● Task description
Copy the data exactly as it appears, and do not include any pictures.

● Supplied data

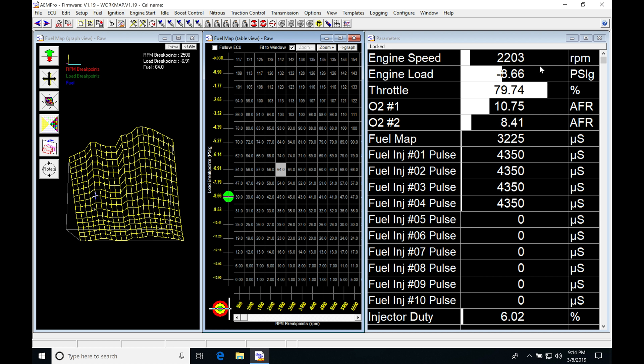So we see engine speed, we see our engine load, throttle position, our actual wideband reading, our fuel map pulse width. We're going to be talking about this. Then we also find our fuel injector pulse width out. That's going to be what's delivered to the injector. You can see they're different. I'm going to be explaining this and we also see that our injector duty cycle is listed here.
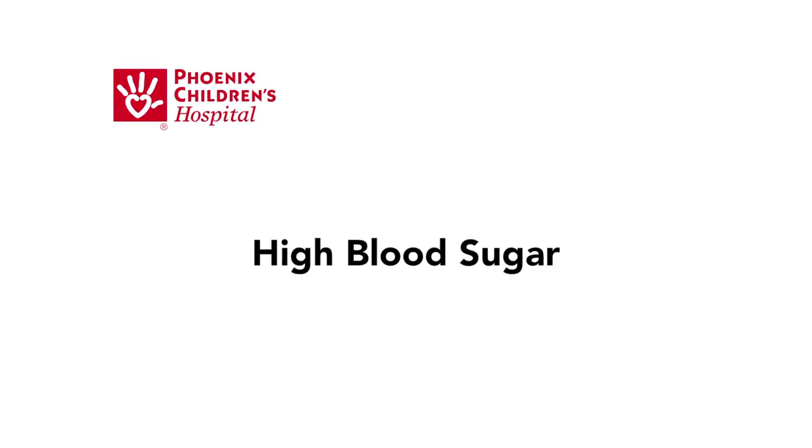This video explains the symptoms, causes, and treatment of high blood sugar.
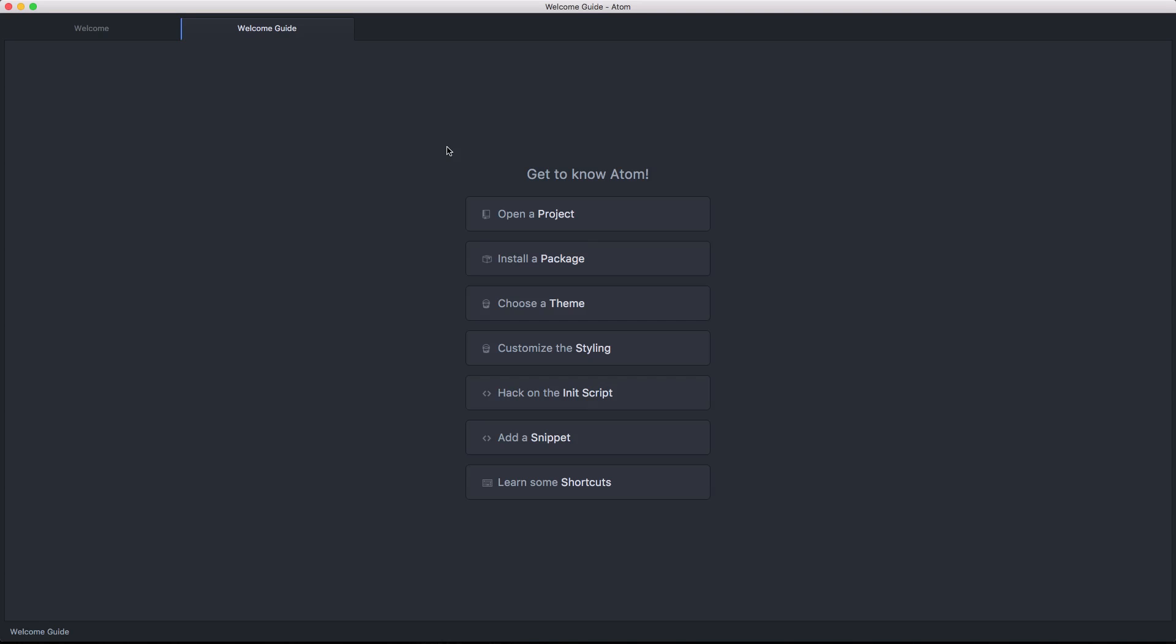In the next video, we're going to start pawing through the interface of Atom and check out some of the interface features. So as always, this is Scott with Level Up Tutorials. If you have any questions or comments, leave a comment in this video or hit me up at Twitter or Facebook.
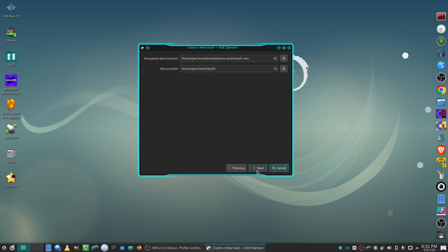And this is going to be the mount point for your vault and the encrypted data location, so click next.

● Exercise output
So we see engine speed, we see our engine load, throttle position, our actual wideband reading, our fuel map pulse width. We're going to be talking about this. Then we also find our fuel injector pulse width out. That's going to be what's delivered to the injector. You can see they're different. I'm going to be explaining this and we also see that our injector duty cycle is listed here.
This video explains the symptoms, causes, and treatment of high blood sugar.
In the next video, we're going to start pawing through the interface of Atom and check out some of the interface features. So as always, this is Scott with Level Up Tutorials. If you have any questions or comments, leave a comment in this video or hit me up at Twitter or Facebook.
And this is going to be the mount point for your vault and the encrypted data location, so click next.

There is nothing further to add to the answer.